[PATCH v2] nvmet: force reconnect when number of queue changes

Wed Sep 28 09:01:55 PDT 2022

> two targets (*)

Yes, that is what it would be called in SCSI (2 - SCSI Target Devices).  In NVMe, that would more likely be 1 NVM Subsystem with 2 controllers (which could be on the same port - although that would not really be redundant; or on different ports - which would be more likely).  There's also TP4034 with 2 NVM subsystems - but that is a completely different discussion.

There is an AEN for firmware updates - "Firmware Activation Starting", but that one requires just a "pause" in command processing, and not new connections (it is for a different use case than what you're talking about).

If you had static controllers, then the Discovery Controller would report those changes; so, if you had persistent connections to the discovery controller, you'd know when it went away and when it returned.

For dynamic controllers, it's a little harder (since they all get reported under the single ID of FFFFh), so there is no change when a dynamic controller goes away and then comes back - on the same port).

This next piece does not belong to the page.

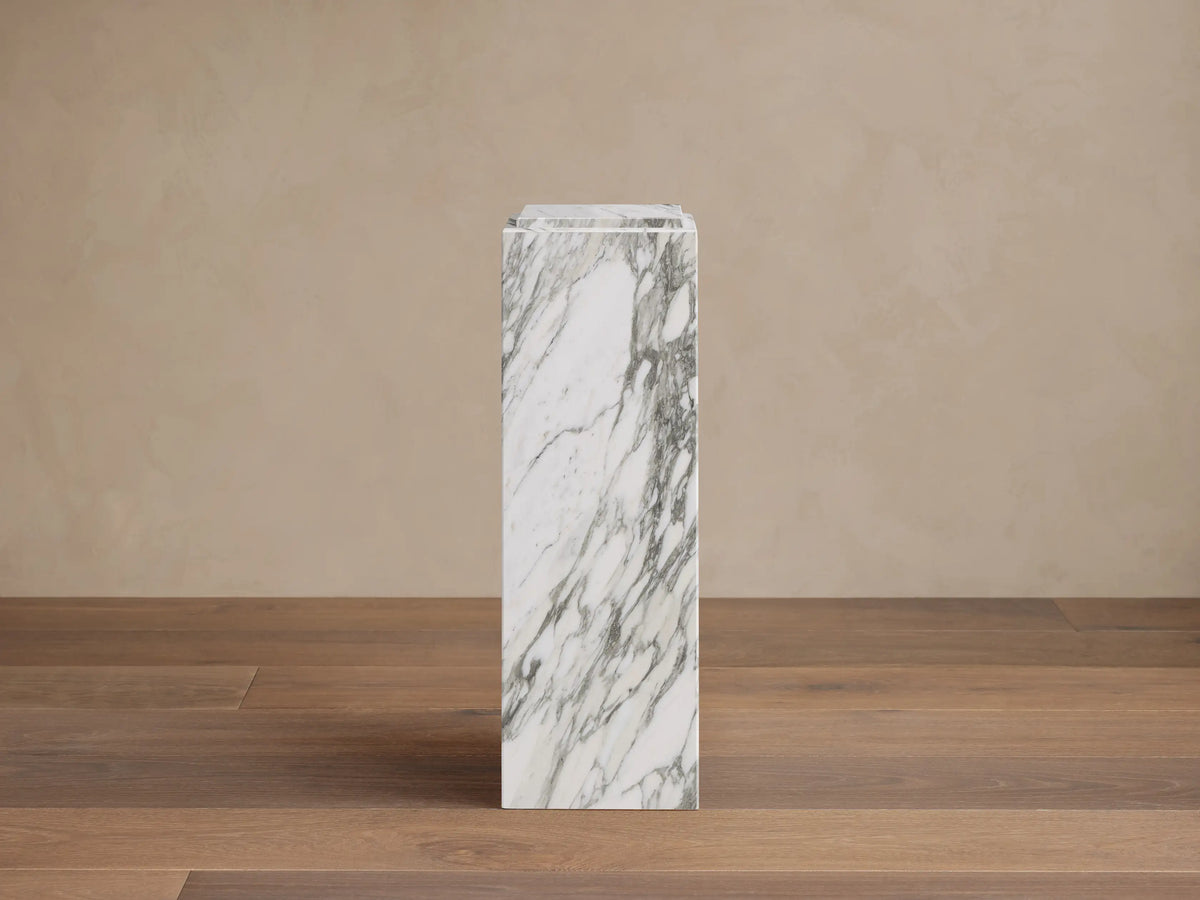Front view of the white Marmont Pedestal, a tall square natural stone column with distinctive gray veining.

If these controllers were on different ports, and the whole port goes away, then the Discovery Controller should be reporting the changes - the removal of a whole port and then the addition of a whole port.  But you'd still need a persistent connection to the Discovery Controller so it can send the AEN to notify the host about those changes.

I agree that adding some new feature just for a test case isn't really a good idea.  For one, it doesn't really test what would happen in the real world.

	Fred

> -----Original Message-----
> From: Daniel Wagner <dwagner at suse.de>
> Sent: Wednesday, September 28, 2022 9:51 AM
> To: Knight, Frederick <Frederick.Knight at netapp.com>
> Cc: Sagi Grimberg <sagi at grimberg.me>; linux-nvme at lists.infradead.org;
> Shinichiro Kawasaki <shinichiro.kawasaki at wdc.com>; hare at suse.de
> Subject: Re: [PATCH v2] nvmet: force reconnect when number of queue
> changes
> 
> NetApp Security WARNING: This is an external email. Do not click links or
> open attachments unless you recognize the sender and know the content is
> safe.
> 
> 
> 
> 
> On Wed, Sep 28, 2022 at 12:39:44PM +0000, Knight, Frederick wrote:
> > Would this be a case for a new AEN - controller configuration changed?
> > I'm also wondering exactly what changed in the controller?  It can't
> > be the "Number of Queues" feature (that can't change - The controller
> > shall not change the value allocated between resets.).  Is it the MQES
> > field in the CAP property that changes (queue size)?
> >
> > We already have change reporting for: Namespace attribute, Predictable
> > Latency, LBA status, EG aggregate, Zone descriptor, Discovery Log,
> > Reservations. We've questioned whether we need a Controller Attribute
> > Changed.
> >
> > Would this be a case for an exception?  Does the DNR bit apply only to
> > commands sent on queues that already exist (i.e., NOT the connect
> > command since that command is actually creating the queue)?  FWIW - I
> > don't like exceptions.
> >
> > Can you elaborate on exactly what is changing?
> 
> The background story is, that we have a setup with two targets (*) and the
> host is connected two both of them (HA setup). Both server run the same
> software version. The host is told via Number of Queues (Feature Identifier
> 07h) how many queues are supported (N queues).
> 
> Now, a software upgrade is started which takes first one server offline,
> updates it and brings it online again. Then the same process with the second
> server.
> 
> In the meantime the host tries to reconnect. Eventually, the reconnect is
> successful but the Number of Queues (Feature Identifier 07h) has changed to
> a smaller value, e.g N-2 queues.
> 
> My test case here is trying to replicated this scenario but just with one target.
> Hence the problem how to notify the host that it should reconnect. As you
> mentioned this is not to supposed to change as long a connection is
> established.
> 
> My understanding is that the current nvme target implementation in Linux
> doesn't really support this HA setup scenario hence my attempt to get it
> flying with one target. The DNR bit comes into play because I was toying
> with removing the subsystem from the port, changing the number of queues
> and re-adding the subsystem to the port.
> 
> This resulted in any request posted from the host seeing the DNR bit. The
> second attempt here was to delete the controller to force a reconnect. I
> agree it's also not really the right thing to do.
> 
> As far I can tell, what's is missing from a testing point of view is the ability to
> fail requests without the DNR bit set or the ability to tell the host to
> reconnect. Obviously, an AEN would be nice for this but I don't know if this is
> reason enough to extend the spec.
> 
> I can't really say if this is a real world scenario or just a result of trying to cut
> corners. Anyway, I am glad to do the work if we can agree on how this test
> case could be implemented.
> 
> Daniel
> 
> (*) not sure how to call it properly, is this one target or two targets?